Prove Equivalence Relation in G

Question

Hei, guys!

I'm having some trouble with the next problem:

Let $A$ and $B$ be subgroups of $G$. Show that $\sim$ is an equivalence relation when it is defined as follows: $g\sim g'\Leftrightarrow g' = agb$ for some $a$ from $A$, $b$ from $B$.

Should I prove this is valid for any a and b? It says for some elements a and b. But I might as well take the unit element.

Could you give me a clue on how to solve it?

Cheers!

Answer 1

The problem says $ g \sim g' $ if and only if there are elements $ a \in A $ and $b \in B$ such that $ g' = agb $

Reflexivity: For this the unit element which is present in both $A$ and $B$ is exactly what you need.

Symmetry: We need to show that if $ g \sim g'$ then $g' \sim g$. That is if there are elements $a \in A, b \in B $ such that $ g' = agb $ then there are elements $ a' \in A, b' \in B $ such that $ g = a'g'b' $. Try using the inverse elements of $a$ and $b$

Transitivity: We are given that $ g \sim g' $ and $g' \sim g'' $ from which we need to prove that $ g \sim g'' $. From the assumption there are elements $ a, a' \in A $ and $b, b' \in B$ such that $g' = agb $ and $ g'' = a'g'b' $. Think of the most obvious substitution. Then think why there must be elements $ a'a \in A $ and $b'b \in B$ which give us the required relation between $g$ and $g''$

Answer 2

We can show that by verifying 3 properties:

• Reflexive- $x\sim x$ by using $a = b =e$ which obviously exists since $A,B$ are subgroups and therefore, $e \in A,B$.
• Symmetric - $x\sim y$ then there exist $a\in A$ and $b\in B$ s.t. $y = axb$. $A, B$ are subgroups and therefore $a^{-1}\in A$ and $b^{-1}\in B$ and therefore $x = a^{-1}yb^{-1}$ which imply $ y\sim x$
• Trasitive - $x\sim y$ and $y\sim z$ then there are $a,a'\in A, b,b'\in B$ s.t. $y=axb$ and $z=a'yb'$ and by subtitution of $y$ we get $z = aa'xb'b$ and because $A,B$ are subgroup and closed under multiplextion we get that $aa'\in A$ and $bb'\in B$ and therefore $x\sim z$

Answer 3

i. Reflexivity

$g \sim g$. $\ \ \ $Indeed, for $\ \exists\ \ e_{A} \in A\ \ \text{and}\ \ e_{B} \in B\ \ \text{such that}\ \ g= e_{A}\ g\ e_{B} \Rightarrow g = g$.

ii. Symmetry

$g \sim g' \Rightarrow g'\sim g$. $\ \ \ $ Since there are $a \in A $ and $b \in B$ such that $g = a\ g\ b$ then as $A$ and $B$ are subgroups, there exist $a^{-1} \in A$ and $b^{-1} \in B$ such that $g=a\ g'\ b \Rightarrow g' = a^{-1}\ g \ b^{-1} \Rightarrow g' \sim g $.

iii. Transitivity

$g \sim g''$ and $g'' \sim g' \Rightarrow g \sim g'$. $\ \ \ $In fact, there exist $a',a'' \in A$ and $b',b'' \in B$ such that $g = a''\ g''\ b''$ and $g'' = a'\ g'\ b'$, then $g = a'' \ (a'\ g' \ b') \ b'' \Rightarrow g = (a' a'')\ g'\ (b' \ b'')$. Let $a : = a'\ a'' \in A$, and $b := b'\ b'' \in B$ then we have $g = a\ g'\ b$ which means that $g \sim g'$.

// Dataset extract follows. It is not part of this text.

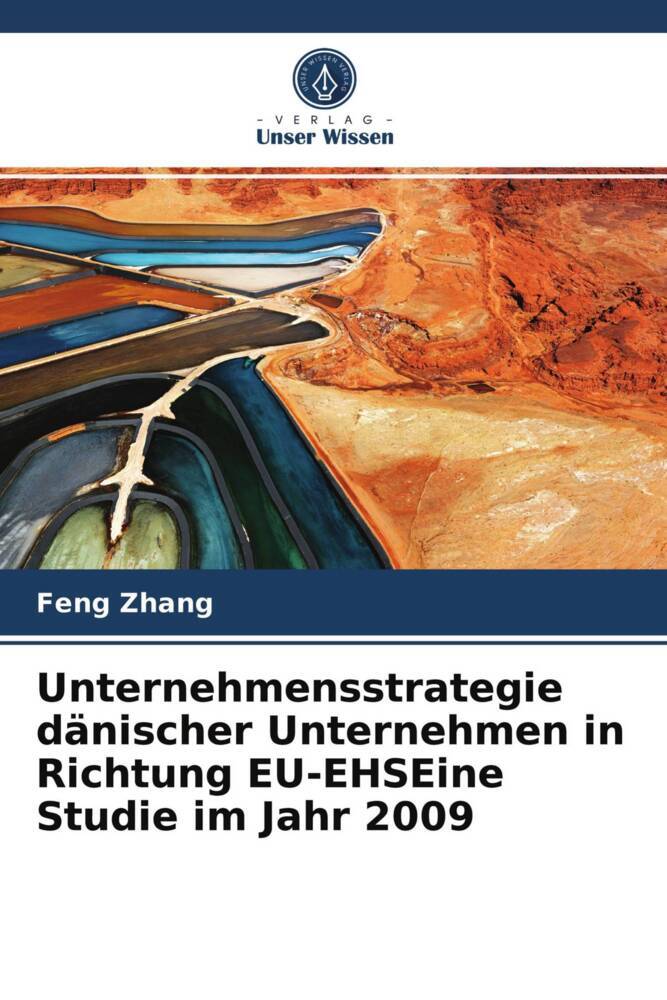 Unternehmensstrategie dänischer Unternehmen in Richtung EU-EHSEine Studie im Jahr 2009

A very important notion in Groups lies on this equivalence relation as follow

$$ y \sim x \Leftrightarrow \exists h \in H\ \ \text{such that}\ \ y = xh$$

As an exercise you could show that this is an equivalence relation. This set $ \lbrace y \in G ; y \sim x \rbrace = \lbrace xh ; h \in H \rbrace$ is denoted by $xH$ and is called left coset.